En una ocasión pregunte a un conocido político y diputado popular sobre su promesa de modificar la ley del aborto. La respuesta fue clara y contundente:” hemos cumplido nuestra promesa, hemos modificado la ley, lo que nunca dijimos fue en qué sentido la modificaríamos”. Eran tiempos del presidente Rajoy, eran tiempos de una mayoría absoluta abrumadora obtenida por los populares como consecuencia de las políticas del socialista Rodríguez Zapatero. Hubieran ganado aunque hubiesen presentado un maniquí de unos grandes almacenes. Muchos creyeron en el cambio y poco tardo en llegar la decepción. La legislatura de Mariano Rajoy se convirtió en la tercera de Rodríguez Zapatero. He de reconocer que a mí nunca me decepcionaron porque nunca creí en ellos.

 

Las promesas incumplidas y el menosprecio hacia los votantes, ha hecho que con el transcurrir de los años, el viejo truco de votar lo menos malo o la engañifa del voto útil, cada vez resulte un recurso menos creíble. Ahora los mismos que sirvieron con devoción y lealtad a un Mariano Rajoy que nos tomo a todos por estúpidos, nos vuelven hacer promesas que no tienen intención de cumplir, se atreven incluso hablarnos de la vida, de la unidad de España y del respeto que sienten hacia las víctimas del terrorismo. Ellos que pactaron con independentistas de todo tipo y pelaje, ellos que mantuvieron, subvencionaron y apoyaron el aborto como nunca nadie lo había hecho en este país, ellos que miraron a otro lado mientras liberaban a terroristas y asesinos en virtud del cumplimiento de una sentencia dictada por un tribunal extranjero, ellos que nos hablan de recuperar unos principios y unos valores, pero nunca nos han especificado claramente ni cuales eran esos principios ni cuales esos valores.

 

Solo se puede recuperar lo que se ha perdido.

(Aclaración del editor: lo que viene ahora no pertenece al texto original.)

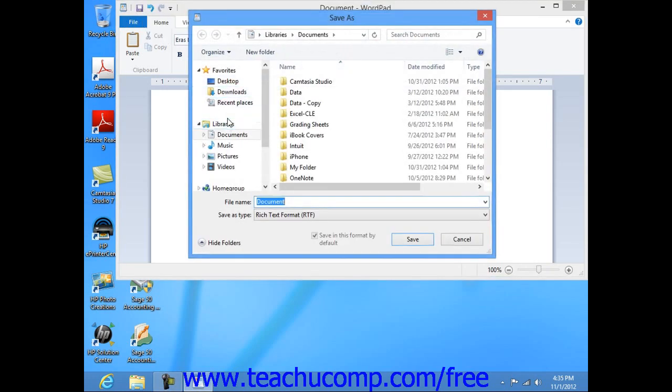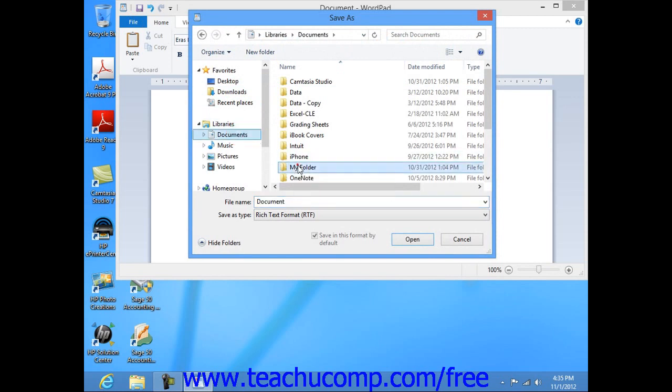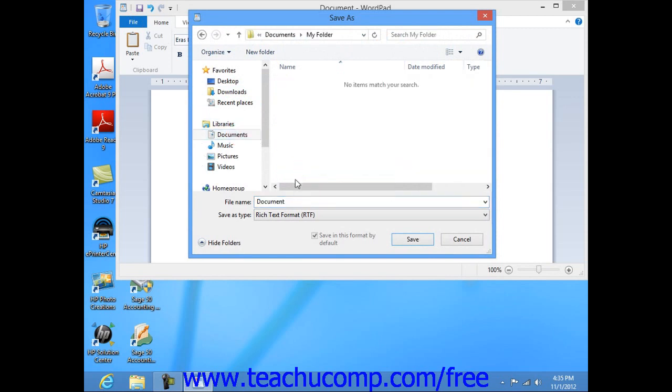In the Save As dialog box that appears, you can navigate to the folder where you want to save the document. In the File Name text box, enter a name for the file. Then click the Save button within the dialog box to save it.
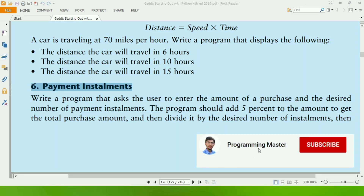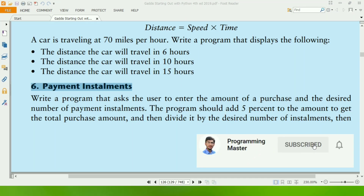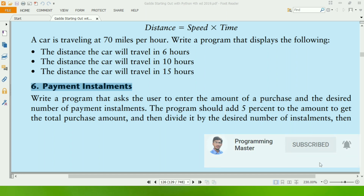Welcome guys, my name is Muhammad Asif Khan. In this video, I will create the 6th exercise program of Chapter 2, Book Gaddis's Starting Out with Python.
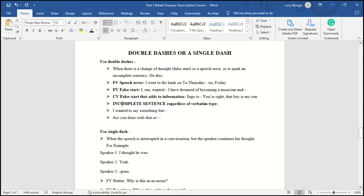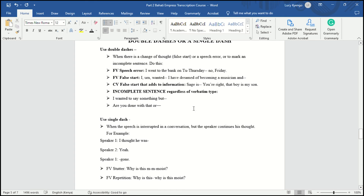In clean verbatim, double dashes are used when a false start adds new information — for example, 'Sage is — that boy is my son.' You put the double dash immediately after the false start. Also, regardless of the verbatim type — clean or full — you use double dashes for incomplete sentences. If a speaker was talking and suddenly stopped, like 'I wanted to say something but —' that is an incomplete sentence, so put the double dash immediately after it without spacing.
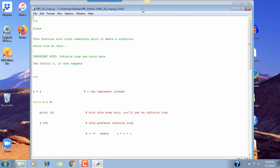These are loops. Essentially this allows you to repeat something without copying code — it simplifies things. The while statement runs as long as a condition is true. This function will count until it meets a condition. While it's true, do this; as soon as it meets or fails that condition, it stops. That's the while loop.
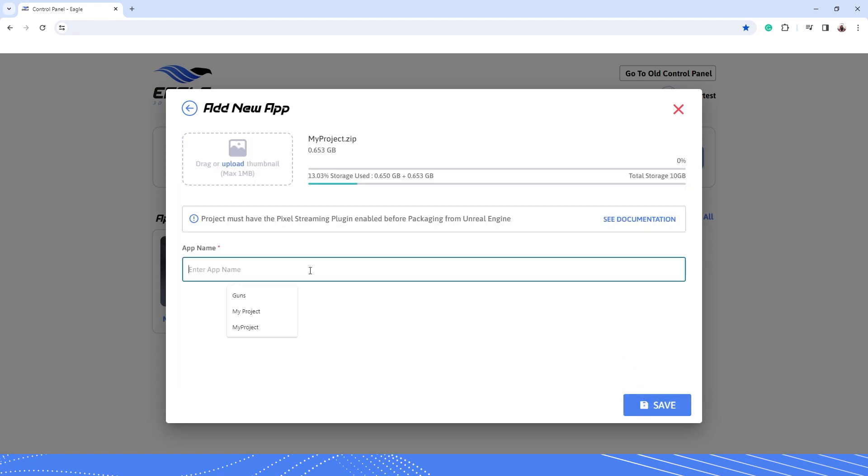Give your app a name. Click on Save. Now you will see that your project is uploading.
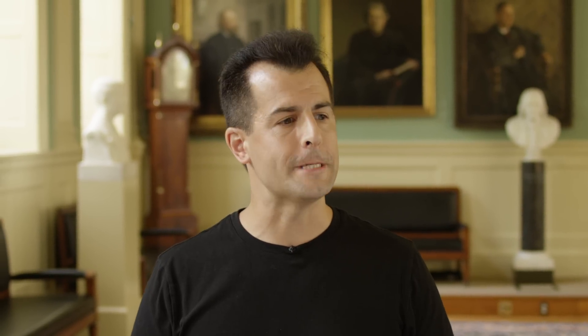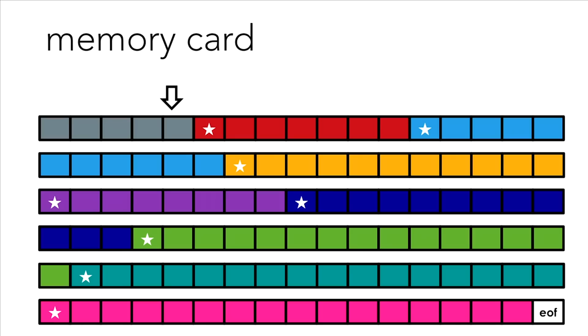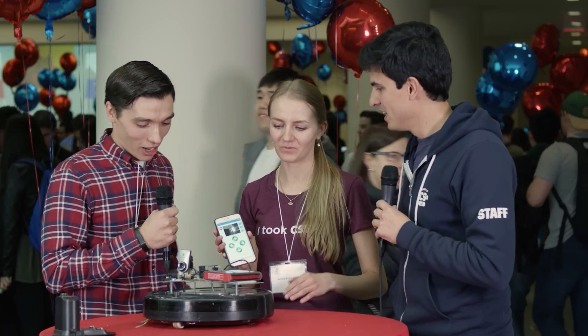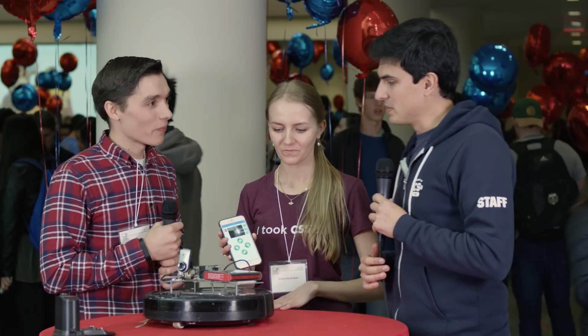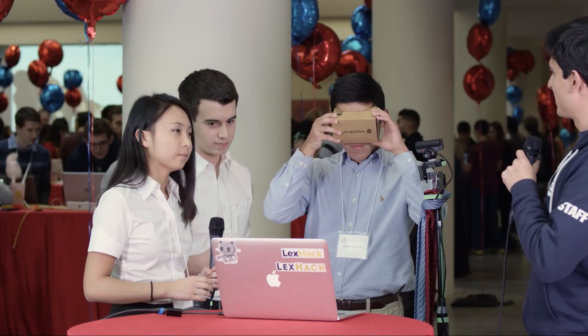And we'll explore a number of real world domains along the way that inspire those problems, including cryptography, finance, forensics, and more. By course's end, you'll know several programming languages. And using that knowledge, you'll build something entirely of your own — a final project designed and implemented by you that uses a computer to help solve a problem that's important in your own life.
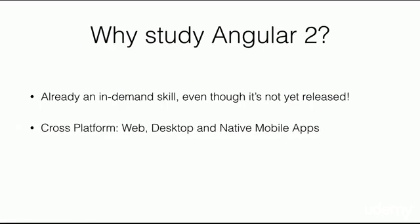Second is that it's cross-platform. You can develop web, desktop applications, and even native mobile apps using Angular 2.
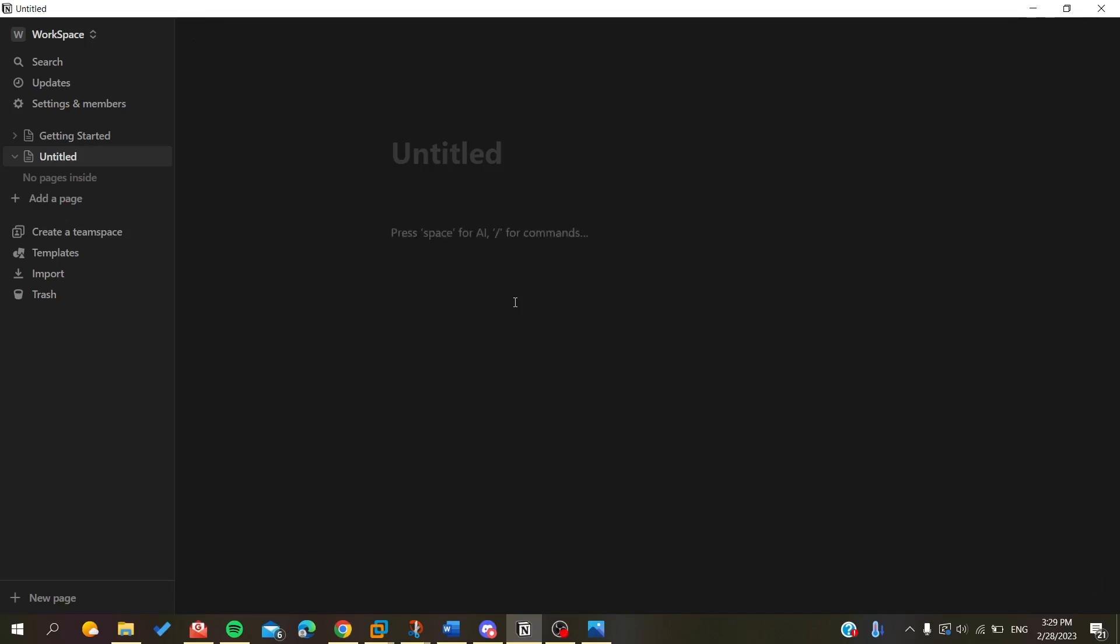Hello guys and welcome to another tutorial. Today I'm going to show you how to rotate images in the Notion application or website. The first thing you need to do is open your desktop client or connect to your Notion account web portal.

Después de lo visto, después de lo que sabemos y conocemos, ya no queda margen para el engaño o la decepción. Nunca en la historia de la democracia española, el voto útil fue tan inútil. No caigamos en la trampa, que la gente vote lo que quiera, lo que desee, que lo haga en libertad, pero que no nos vendan una moto que no anda, que no funciona. Cada uno tendrá sus motivaciones políticas o personales, pero que España no sea la excusa para seguir apoyando unas opciones cómplices de todo lo que hasta aquí nos ha traído.

 

Es tiempo de canta mañanas y cantos de sirena, de salvadores de patrias que luego se muestran incapaces de combatir todo aquello que nos prometieron.